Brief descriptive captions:
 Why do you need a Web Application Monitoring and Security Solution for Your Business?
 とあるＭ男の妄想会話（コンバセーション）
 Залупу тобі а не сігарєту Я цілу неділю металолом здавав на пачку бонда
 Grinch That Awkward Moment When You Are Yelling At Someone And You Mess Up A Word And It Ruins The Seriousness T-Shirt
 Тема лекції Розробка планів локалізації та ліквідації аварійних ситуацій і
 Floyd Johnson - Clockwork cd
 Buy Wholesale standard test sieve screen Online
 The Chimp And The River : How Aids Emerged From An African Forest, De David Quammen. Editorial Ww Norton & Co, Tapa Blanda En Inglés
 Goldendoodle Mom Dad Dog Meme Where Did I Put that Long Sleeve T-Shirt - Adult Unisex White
---
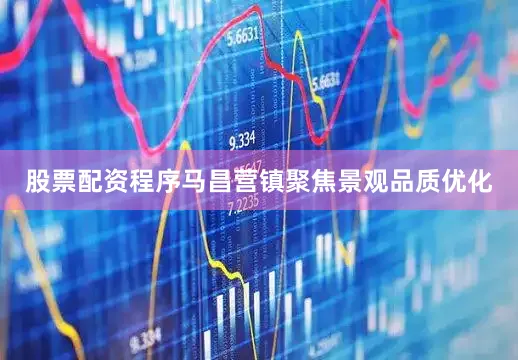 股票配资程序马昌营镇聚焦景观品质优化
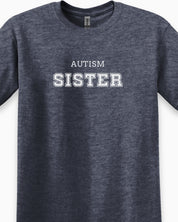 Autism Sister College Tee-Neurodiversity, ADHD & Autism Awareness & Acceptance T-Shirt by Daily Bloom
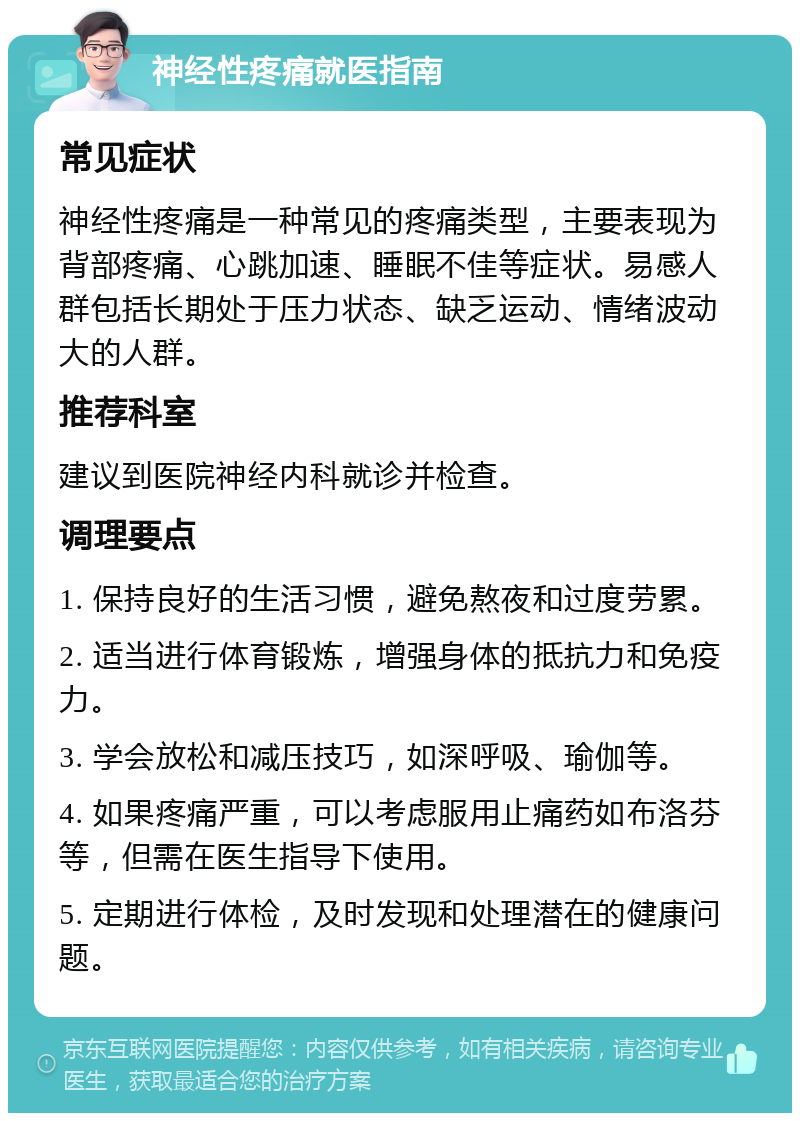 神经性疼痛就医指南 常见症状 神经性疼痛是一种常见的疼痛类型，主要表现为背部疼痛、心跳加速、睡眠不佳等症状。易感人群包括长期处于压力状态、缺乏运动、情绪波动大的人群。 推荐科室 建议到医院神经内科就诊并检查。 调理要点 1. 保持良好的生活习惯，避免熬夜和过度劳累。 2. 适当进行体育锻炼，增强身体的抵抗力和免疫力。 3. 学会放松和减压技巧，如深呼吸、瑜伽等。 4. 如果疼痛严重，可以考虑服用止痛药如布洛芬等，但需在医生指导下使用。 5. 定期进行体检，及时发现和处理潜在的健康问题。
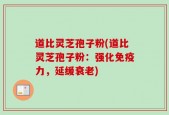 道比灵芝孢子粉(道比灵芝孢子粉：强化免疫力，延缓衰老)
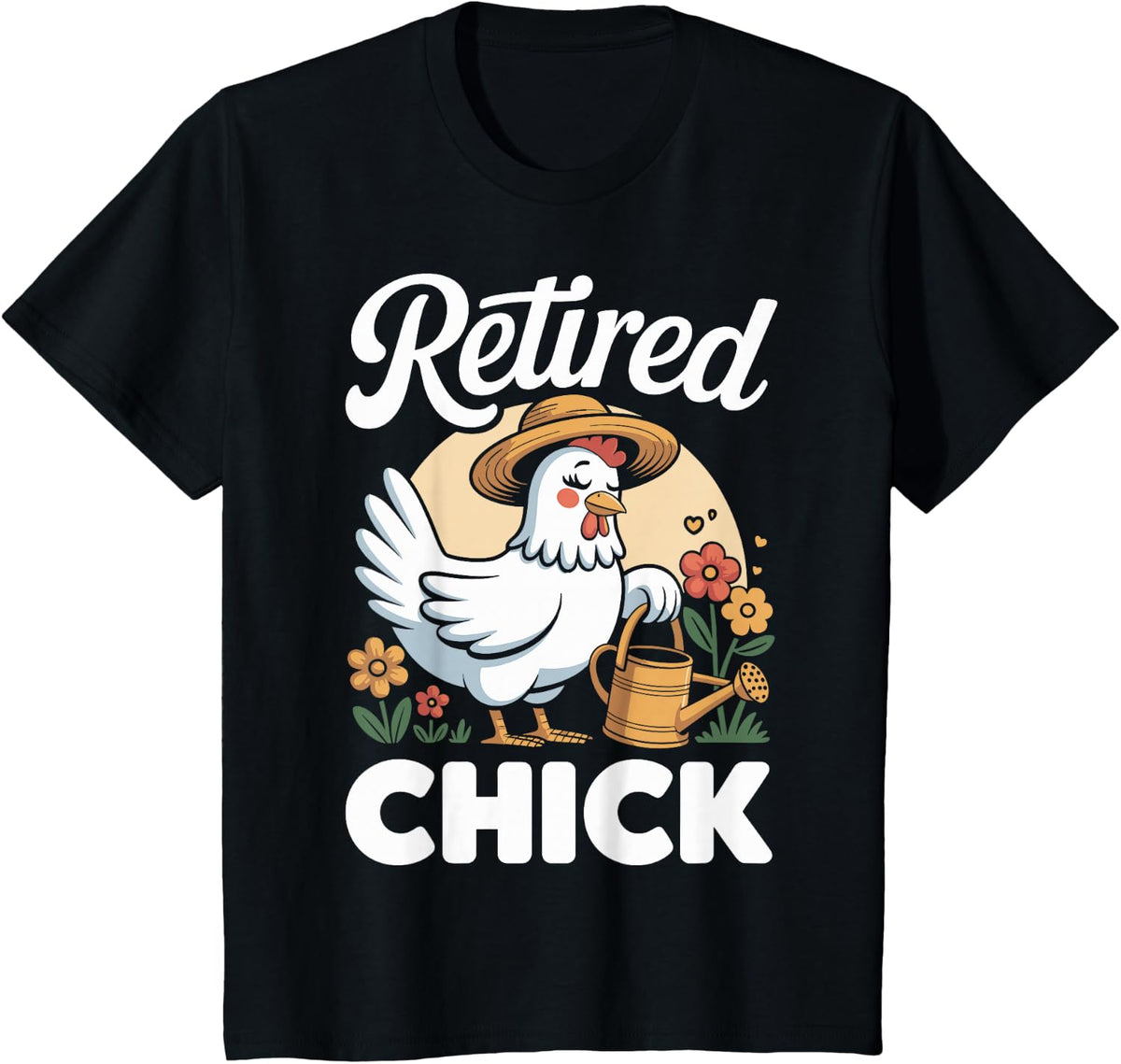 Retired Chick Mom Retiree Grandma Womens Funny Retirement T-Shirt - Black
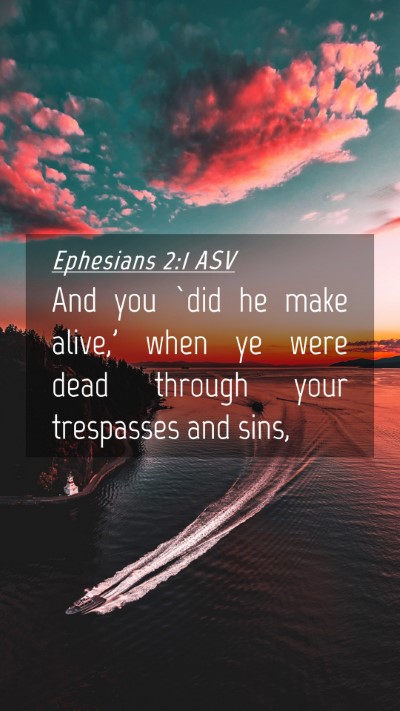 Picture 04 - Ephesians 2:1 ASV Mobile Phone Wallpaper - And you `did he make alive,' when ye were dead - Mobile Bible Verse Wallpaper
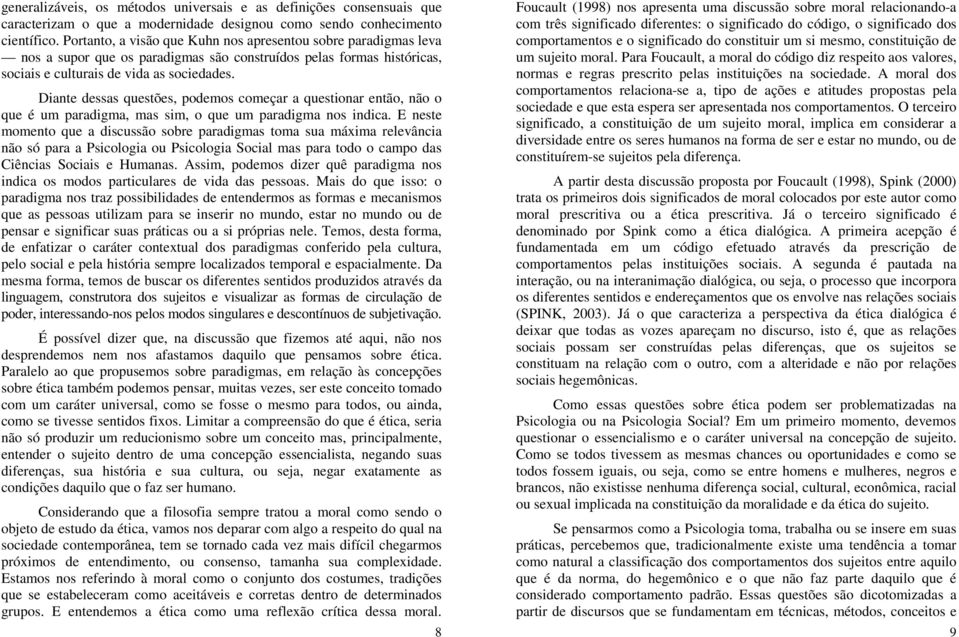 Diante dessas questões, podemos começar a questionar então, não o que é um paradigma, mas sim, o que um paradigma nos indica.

**WHAT NEEDS TO BE DONE**. Reproduce only the lines above, starting at the line with "The Chimp And" and ending at the line with "Goldendoodle Mom Dad", exactly as written.

**SOLUTION**.
 The Chimp And The River : How Aids Emerged From An African Forest, De David Quammen. Editorial Ww Norton & Co, Tapa Blanda En Inglés
 Goldendoodle Mom Dad Dog Meme Where Did I Put that Long Sleeve T-Shirt - Adult Unisex White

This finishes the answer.